▼

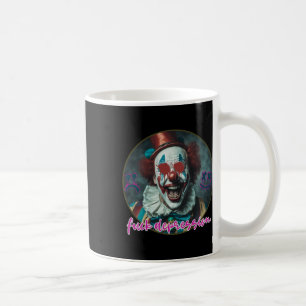 Fick Depression - Clown - Aufkleber für psychische Kaffeetasse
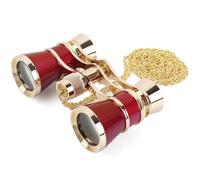 Retro Opera Glass Binoculars with Metal Chain, 3x Magnification, Focal Length Adjustable, Lightweight and Portable, Mini Binoculars of Dramen, Musicals, Suitable for Adults and Children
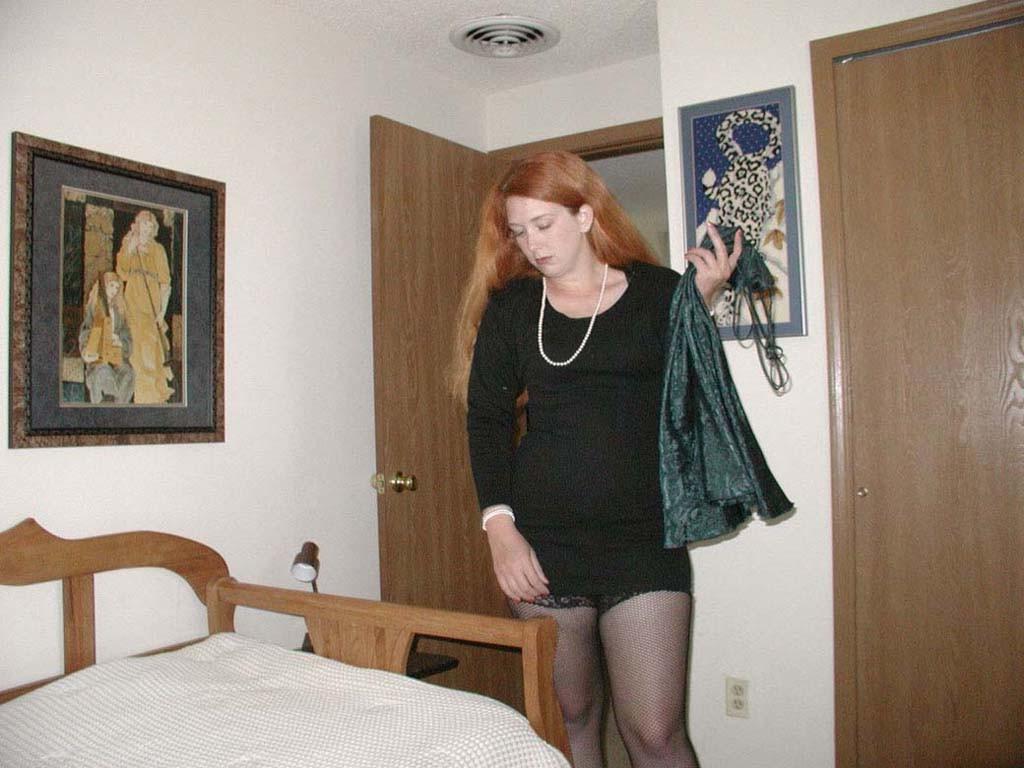 20P Chubby milf strip teasing a dress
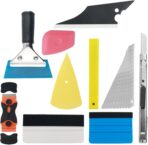 18PCS Window Tint Car Kit,Multi-Function Car Window Tint Kit Includes Scraper,Felt Scraper,Mini Vinyl Scrapers and Cutting Knife with Blade,Professtional Tints Kits for Cars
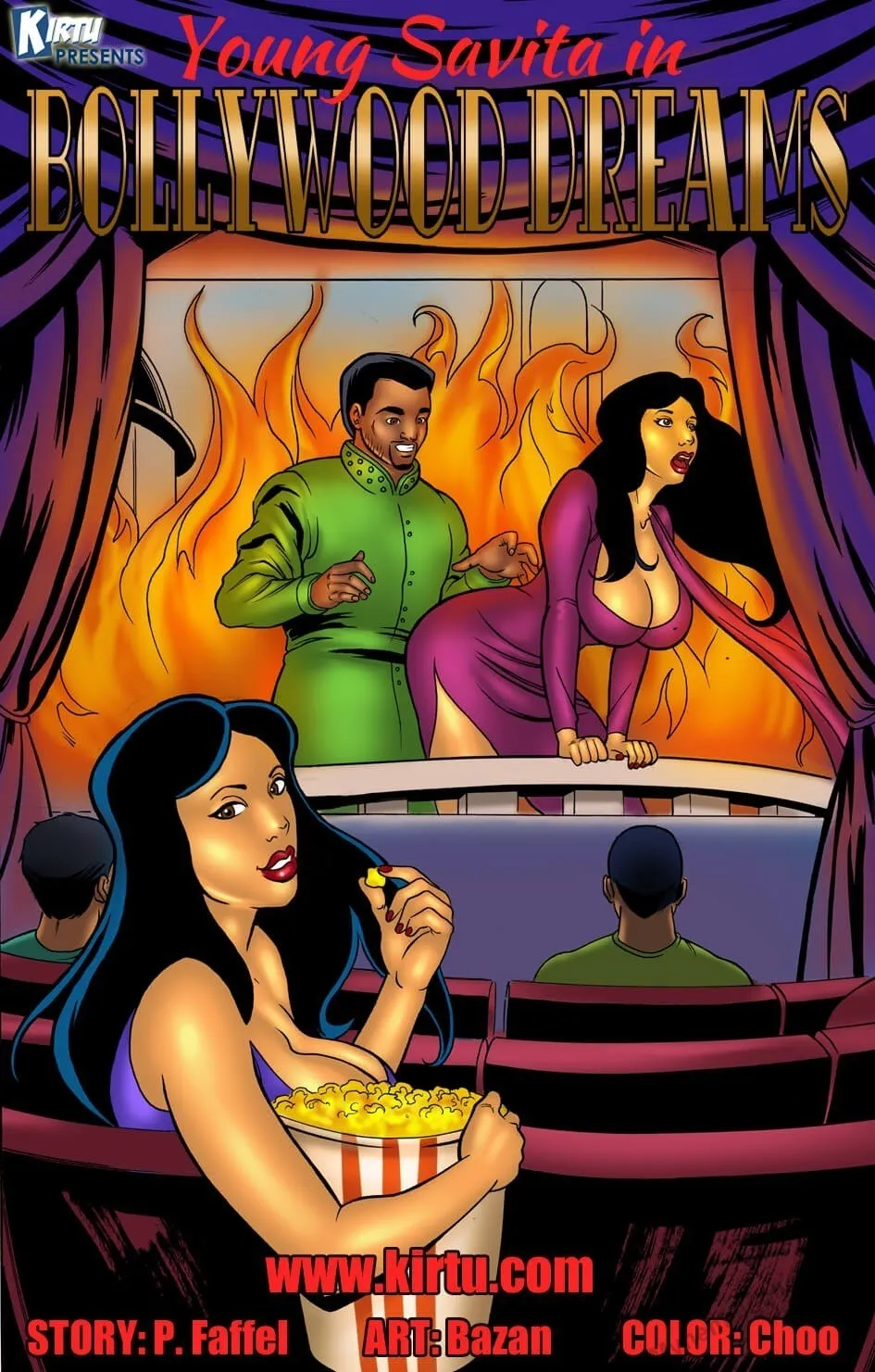 Savita's Bollywood Dreams 2 - Young Savita porno comics Cover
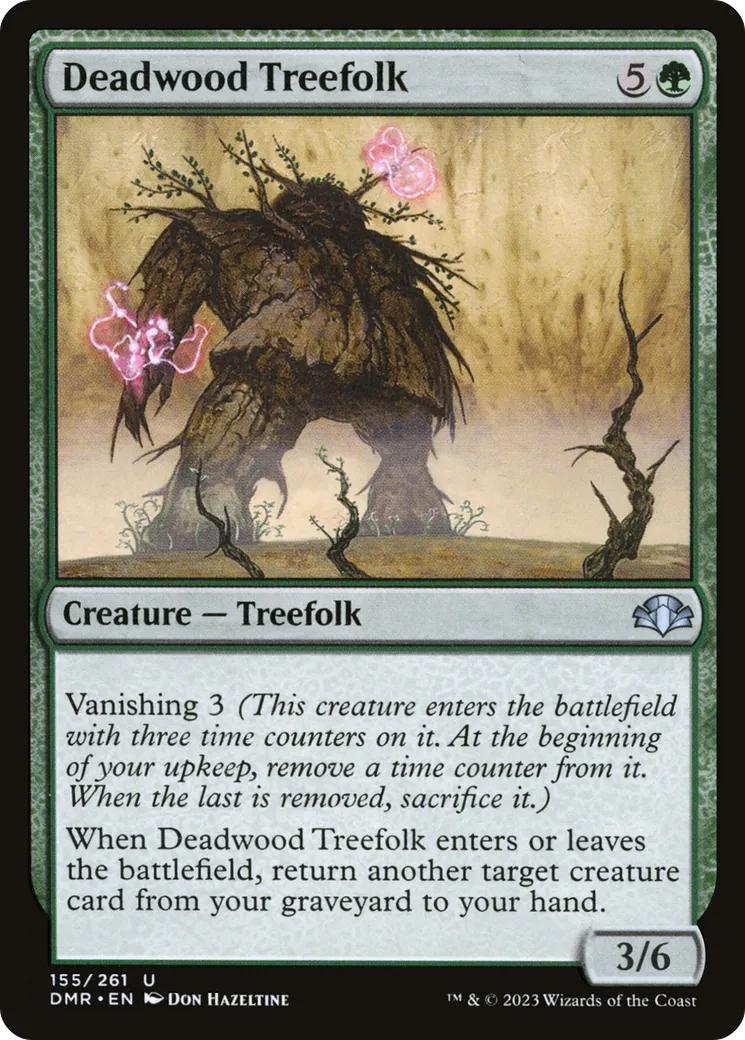 Deadwood Treefolk from Dominaria Remastered - Magic: The Gathering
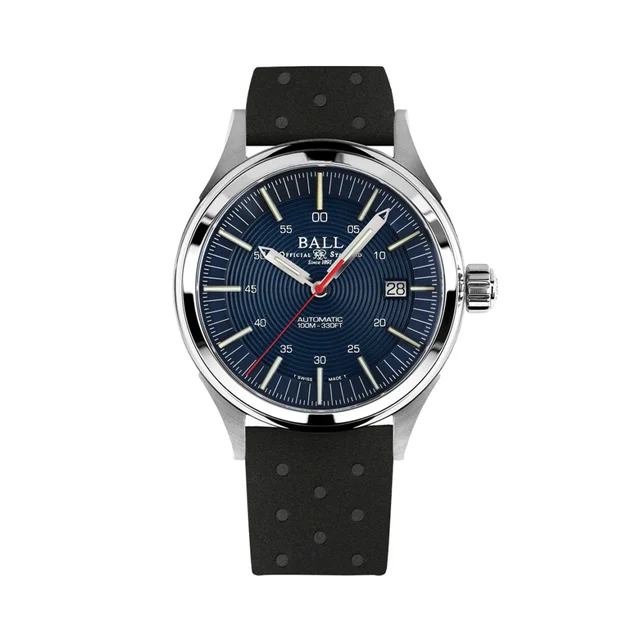 BALL Watch Fireman Nightbreaker 40mm - Blue on Rubber Strap NM2098C-P13-BE kol saati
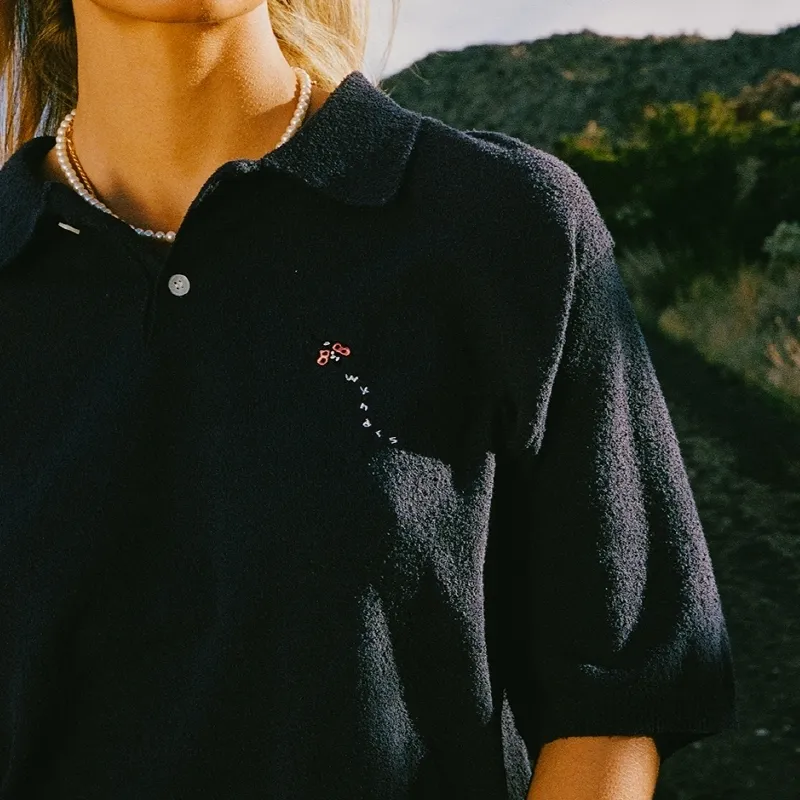 WKNDRS  |Unisex Nylon Street Style Plain Cotton Short Sleeves Logo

▲

● WHAT THIS TASK INVOLVES: Beginning with the line containing "Savita's Bollywood Dreams" and ending with the last line of the material, output each line exactly; do not include pictures.

● WRITTEN ANSWER:
 Savita's Bollywood Dreams 2 - Young Savita porno comics Cover
 Deadwood Treefolk from Dominaria Remastered - Magic: The Gathering
 BALL Watch Fireman Nightbreaker 40mm - Blue on Rubber Strap NM2098C-P13-BE kol saati
 WKNDRS  |Unisex Nylon Street Style Plain Cotton Short Sleeves Logo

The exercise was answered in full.